13,000 reduction suggests a loss of £39 million of VAT (assuming average fees of £15000 a year) and added costs of over £100 million for state education at £8K a head.

twistyizzy · 18/05/2025 14:17

IHeartHalloumi · 18/05/2025 13:03

So 13,000 have left mid year - are there any predictions of what the next academic year might look like? My kids' school is reducing nursery & class numbers (going from 4 form entry to 3 in primary) so there's clearly a significant drop in numbers starting.

13,000 reduction suggests a loss of £39 million of VAT (assuming average fees of £15000 a year) and added costs of over £100 million for state education at £8K a head.

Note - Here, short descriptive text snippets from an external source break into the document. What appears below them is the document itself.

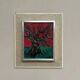 Original Swedish oil on canvas “The Tree” by Frans Rabe, vintage & framed 38x42cm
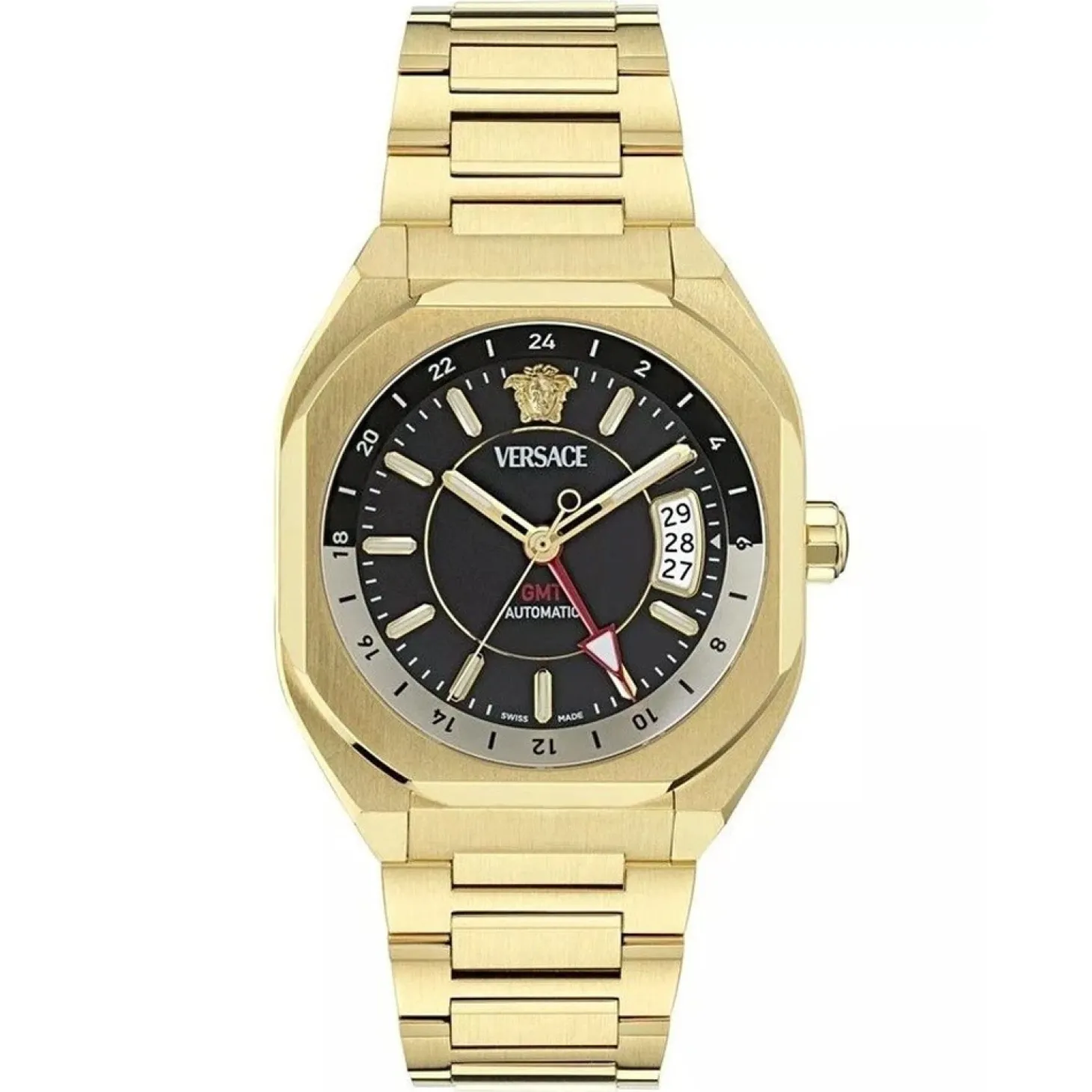 Versace Herrenuhr Automatik V-Contempo Gold/Schwarz VE0I00425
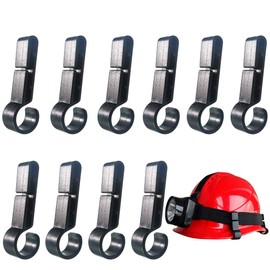GOLCD Helmet Clips for Headlamp,Headlamp Hook,Hard hat Light Clip,Helmet Clip,Hard Hat Accessory Easily Mount Headlamp on Narrow-Edged Helmet(10 Pcs)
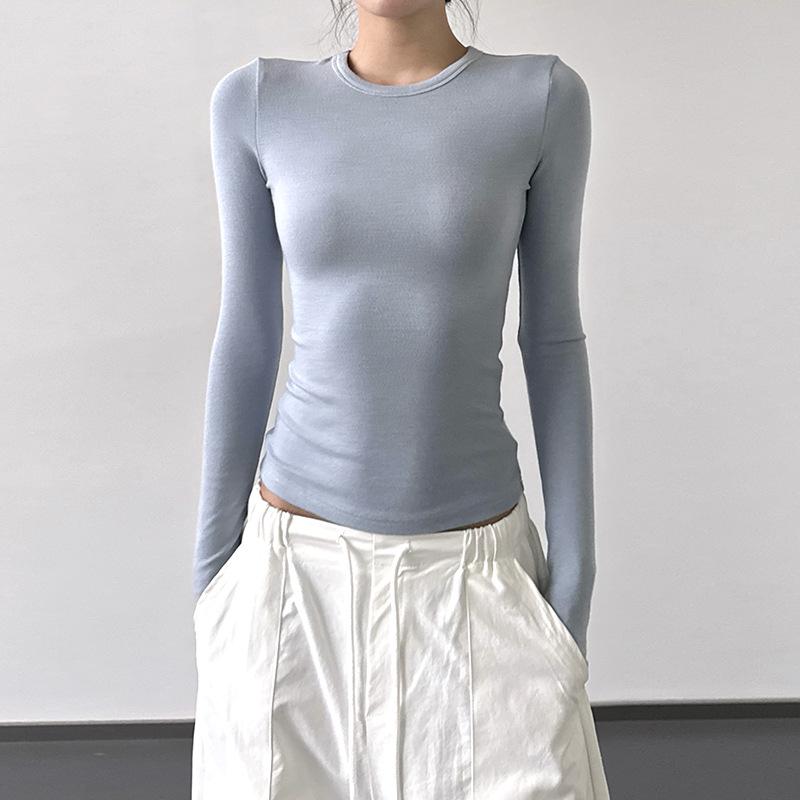 2025 Herbst Damen Retro Schlankmachendes Langarm-T-Shirt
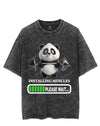 PANDA INSTALLING MUSCLES PLEASE WAIT VINTAGE GYM SHIRT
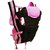 GTC Adjustable Hands-Free 4-in-1 Baby Carrier Bag Carry Bag with Comfortable Head Support  Buckle Straps Chocolate Pink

That number is only ISC schools so there's 700 schools which aren't included in those numbers

EHCPerhaps · 18/05/2025 16:39

How is this not front page news?!!! this policy should be stopped in its tracks by this.
Massive policy failure and massive own goal financially. The only justification they have was that the coffers needed the money.
Now that the policy is saving nothing but COSTING the coffers millions more money, then logically it should be reversed. .

EasternStandard · 18/05/2025 16:52

EHCPerhaps · 18/05/2025 16:39

How is this not front page news?!!! this policy should be stopped in its tracks by this.
Massive policy failure and massive own goal financially. The only justification they have was that the coffers needed the money.
Now that the policy is saving nothing but COSTING the coffers millions more money, then logically it should be reversed. .

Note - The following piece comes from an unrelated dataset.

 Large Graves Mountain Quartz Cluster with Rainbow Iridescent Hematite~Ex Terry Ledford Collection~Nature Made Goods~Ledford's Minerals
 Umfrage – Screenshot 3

Education policy has been severely overlooked recently. Perhaps Labour are putting the pressure on that.

twistyizzy · 18/05/2025 17:04

EasternStandard · 18/05/2025 16:52

Education policy has been severely overlooked recently. Perhaps Labour are putting the pressure on that.

100%

Lebr1 · 18/05/2025 17:45

IHeartHalloumi · 18/05/2025 13:03

So 13,000 have left mid year - are there any predictions of what the next academic year might look like? My kids' school is reducing nursery & class numbers (going from 4 form entry to 3 in primary) so there's clearly a significant drop in numbers starting.

13,000 reduction suggests a loss of £39 million of VAT (assuming average fees of £15000 a year) and added costs of over £100 million for state education at £8K a head.

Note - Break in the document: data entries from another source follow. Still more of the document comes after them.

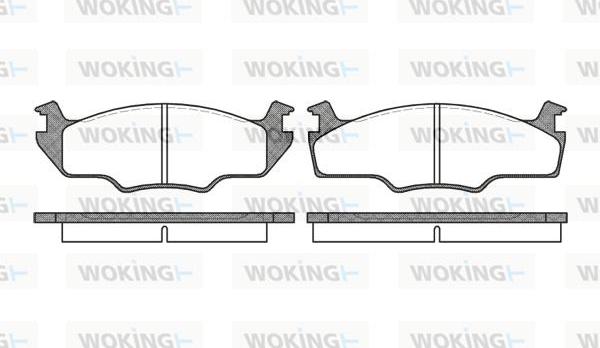 Woking P0213.00 - Kit pastiglie freno, Freno a disco autozon.pro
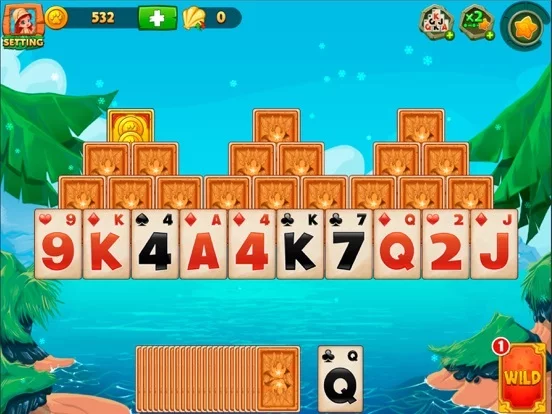 Изображение игры: Solitaire Tripeaks Lost Worlds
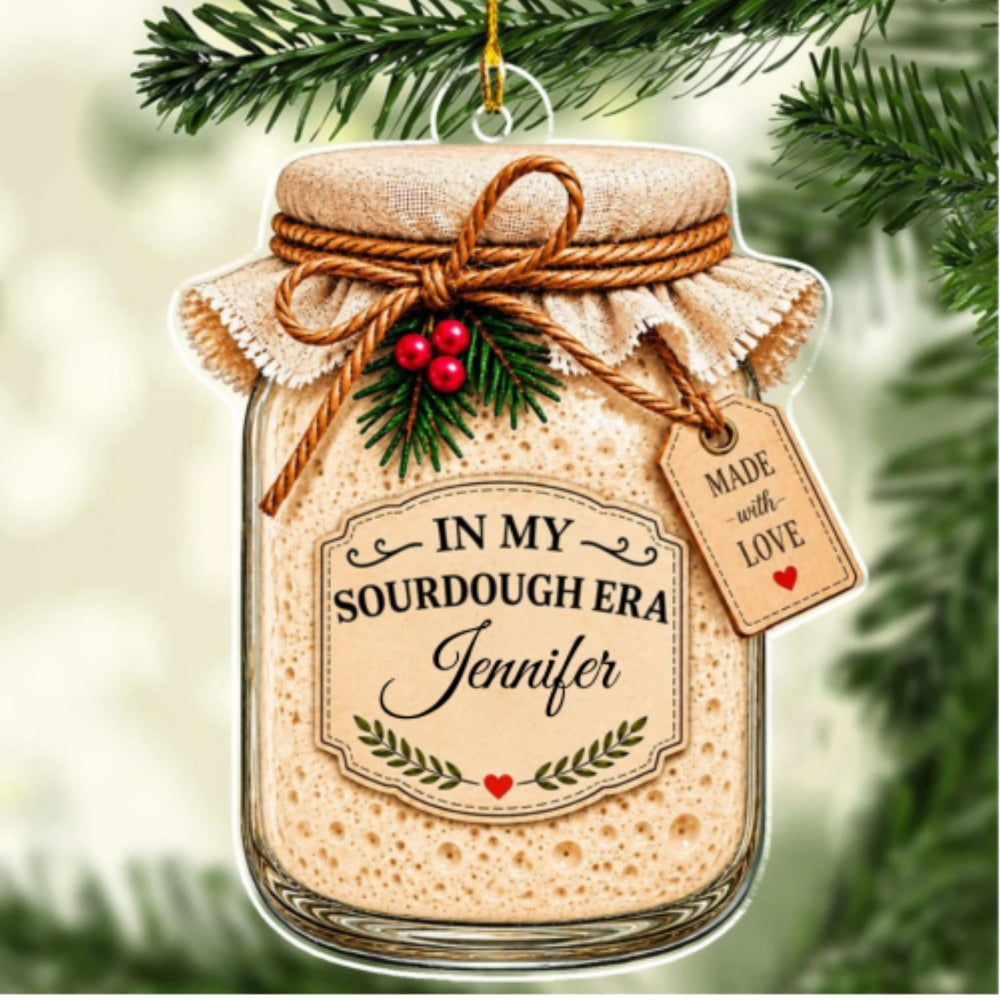 Custom Family Ornament, Christmas Gift for Family Members •  Baking Joy Into Every Loaf - Personalized Acrylic Ornament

The Baines-Cutler report, which is so far looking far more accurate than treasury estimates, predicted a fall-off of 56,000 pupils within "year 1" of the policy. They did not explicitly consider imposition of VAT mid academic year. One could thus interpret this as being 56,000 by September 2025 or 56,000 by January 2026 - I don't think it makes a great deal of difference.
What is more significant is that 56,000 is 10% of pupils in independent schools, which the Adam Smith institute reckoned as being the fiscal neutral point, at which point the policy raises no money at all, and beyond which the policy costs the exchequer money.

Re: "My kids' school is reducing nursery & class numbers (going from 4 form entry to 3 in primary)" : I have heard similar local to me. Normally full/oversubscribed schools are only filling 3/4 of their reception places for next year. Schools with multi-form entry may cut by one form. Further up the schools, there are more empty places than usual but numbers in the schools that have so far survived have been buoyed up by mopping up students jumping ship from the schools locally that have closed. Numbers in secondary are holding up better than prep.

OhCrumbsWhereNow · 18/05/2025 19:05

If you are considering private school in the current climate (and fees aren't your spare change) then I suspect you will see more of:

State till 8, then send to prep to prep for 11+ and indie secondaries.
State till 11, then sit 11+ for grammar with indie back-up
State till 11, then small classes and good behaviour for children who need that for decent GCSEs.

The big question marks will be whether lower year private primary will survive and private 6th forms.

From people I know in the sector or thinking about it, they're very much focusing on Y7-11 or even Y9-11 in private and private 6th form only if they don't get a place in targeted state 6th form.

10 years ago all these families would have gone private from YR to Y13.